STJ define APP de reservatórios hidrelétricos e limites do art. 62 do Código Florestal
SPF COORDENADORIA DE PROCESSAMENTO DE FEITOS DE DIREITO PÚBLICO
O IBAMA ajuizou ação civil pública em face do Município de Guaraci e outros interessados, discutindo a correta delimitação da Área de Preservação Permanente (APP) do Reservatório da Usina Hidrelétrica de Marimbondo, localizada no Estado de São Paulo. A controvérsia surgiu a partir da aplicação do art. 62 da Lei nº 12.651/2012 (novo Código Florestal) a um empreendimento hidrelétrico em operação desde 1975, portanto registrado muito antes da Medida Provisória nº 2.166-67, de 2001. O IBAMA questionou se aquele dispositivo legal poderia ser utilizado para ampliar a permissividade de ocupação antrópica em áreas que, pela licença ambiental, já possuíam APP delimitada com critérios mais protetivos.
A questão jurídica central consiste em saber se o art. 62 do novo Código Florestal, ao fixar a faixa de APP dos reservatórios artificiais registrados antes da MP nº 2.166-67/2001 entre o nível máximo operativo normal e a cota máxima maximorum, destitui ou substitui a APP delimitada na licença ambiental, inclusive para regularizar intervenções antrópicas realizadas após 22 de julho de 2008. O STJ precisou, ainda, definir se esse dispositivo possui alcance irrestrito ou se sua aplicação se limita à consolidação de ocupações preexistentes àquela data-marco.

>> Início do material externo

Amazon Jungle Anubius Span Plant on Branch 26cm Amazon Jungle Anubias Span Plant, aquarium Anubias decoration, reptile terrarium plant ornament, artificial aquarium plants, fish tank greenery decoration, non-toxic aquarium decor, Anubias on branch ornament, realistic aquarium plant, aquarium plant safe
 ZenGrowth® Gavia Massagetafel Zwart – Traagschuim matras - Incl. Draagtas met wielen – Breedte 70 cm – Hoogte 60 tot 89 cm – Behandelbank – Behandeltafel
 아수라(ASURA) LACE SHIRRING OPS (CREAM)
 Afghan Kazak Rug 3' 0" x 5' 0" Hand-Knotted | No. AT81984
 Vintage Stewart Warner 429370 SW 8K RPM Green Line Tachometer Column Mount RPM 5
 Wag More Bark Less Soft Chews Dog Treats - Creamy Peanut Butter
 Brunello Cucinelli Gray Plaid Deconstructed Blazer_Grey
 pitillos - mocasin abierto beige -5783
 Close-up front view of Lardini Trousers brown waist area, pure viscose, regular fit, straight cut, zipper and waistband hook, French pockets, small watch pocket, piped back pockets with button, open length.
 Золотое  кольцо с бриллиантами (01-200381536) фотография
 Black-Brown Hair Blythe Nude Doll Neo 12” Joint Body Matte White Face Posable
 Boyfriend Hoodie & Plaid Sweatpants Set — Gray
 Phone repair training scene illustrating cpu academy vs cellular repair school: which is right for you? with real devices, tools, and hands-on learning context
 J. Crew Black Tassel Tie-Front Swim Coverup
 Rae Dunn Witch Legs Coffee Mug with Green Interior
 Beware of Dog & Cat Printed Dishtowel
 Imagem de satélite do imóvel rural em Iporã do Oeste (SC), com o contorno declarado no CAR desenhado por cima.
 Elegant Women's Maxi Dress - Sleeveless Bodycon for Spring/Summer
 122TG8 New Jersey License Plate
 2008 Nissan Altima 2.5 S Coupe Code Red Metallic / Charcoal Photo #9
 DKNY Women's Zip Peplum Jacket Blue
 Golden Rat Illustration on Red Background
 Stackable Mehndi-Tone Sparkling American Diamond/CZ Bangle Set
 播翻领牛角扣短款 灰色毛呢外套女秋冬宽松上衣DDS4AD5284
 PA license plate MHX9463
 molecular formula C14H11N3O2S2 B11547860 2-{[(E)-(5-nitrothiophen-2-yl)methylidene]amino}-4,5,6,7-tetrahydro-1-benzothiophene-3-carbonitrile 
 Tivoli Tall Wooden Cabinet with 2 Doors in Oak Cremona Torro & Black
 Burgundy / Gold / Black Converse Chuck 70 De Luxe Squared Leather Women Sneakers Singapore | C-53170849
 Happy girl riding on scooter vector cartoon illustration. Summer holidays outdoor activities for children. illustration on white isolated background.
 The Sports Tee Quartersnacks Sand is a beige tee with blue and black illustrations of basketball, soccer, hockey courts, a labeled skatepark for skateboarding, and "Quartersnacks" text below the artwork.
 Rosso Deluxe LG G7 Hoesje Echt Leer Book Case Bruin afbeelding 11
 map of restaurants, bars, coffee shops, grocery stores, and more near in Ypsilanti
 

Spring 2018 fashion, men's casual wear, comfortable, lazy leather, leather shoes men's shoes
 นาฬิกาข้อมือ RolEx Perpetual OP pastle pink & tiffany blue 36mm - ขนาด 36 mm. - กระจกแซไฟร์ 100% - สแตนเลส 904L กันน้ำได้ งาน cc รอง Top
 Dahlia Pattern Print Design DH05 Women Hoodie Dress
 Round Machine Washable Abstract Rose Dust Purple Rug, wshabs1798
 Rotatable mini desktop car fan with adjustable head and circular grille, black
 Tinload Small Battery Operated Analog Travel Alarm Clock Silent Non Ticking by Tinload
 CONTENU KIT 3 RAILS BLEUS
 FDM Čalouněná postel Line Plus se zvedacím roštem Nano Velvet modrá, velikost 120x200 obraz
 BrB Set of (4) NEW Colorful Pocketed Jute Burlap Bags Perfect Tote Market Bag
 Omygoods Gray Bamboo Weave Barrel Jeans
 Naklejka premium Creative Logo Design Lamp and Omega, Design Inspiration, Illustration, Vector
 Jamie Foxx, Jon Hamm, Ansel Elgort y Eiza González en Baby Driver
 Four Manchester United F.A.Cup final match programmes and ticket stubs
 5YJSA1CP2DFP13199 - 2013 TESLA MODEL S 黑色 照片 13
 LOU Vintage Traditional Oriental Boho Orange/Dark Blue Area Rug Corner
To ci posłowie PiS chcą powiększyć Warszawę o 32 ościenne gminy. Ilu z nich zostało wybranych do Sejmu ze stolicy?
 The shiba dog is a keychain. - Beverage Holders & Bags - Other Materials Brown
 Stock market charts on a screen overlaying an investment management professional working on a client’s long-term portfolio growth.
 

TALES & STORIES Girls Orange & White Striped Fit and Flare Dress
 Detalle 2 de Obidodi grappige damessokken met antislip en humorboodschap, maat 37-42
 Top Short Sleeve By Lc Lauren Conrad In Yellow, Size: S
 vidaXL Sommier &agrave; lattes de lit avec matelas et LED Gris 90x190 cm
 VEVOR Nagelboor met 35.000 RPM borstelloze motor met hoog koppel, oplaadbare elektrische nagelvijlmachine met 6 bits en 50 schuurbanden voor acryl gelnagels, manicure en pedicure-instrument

O Ministro Relator Marco Aurélio Bellizze reconsiderou a decisão monocrática anterior, reconhecendo plausibilidade nas alegações do IBAMA, e passou a novo exame do recurso especial. O STJ alinhou-se ao entendimento firmado pela Segunda Turma no REsp nº 2.141.730/SP, segundo o qual o art. 62 do Código Florestal aplica-se apenas para consolidar ocupações antrópicas preexistentes a 22/7/2008, não podendo ser invocado para regularizar intervenções posteriores dentro dos limites da APP definida pela licença ambiental. Para ocupações posteriores a essa data, prevalecem os parâmetros dos arts. 4º, III, e 5º do Código Florestal.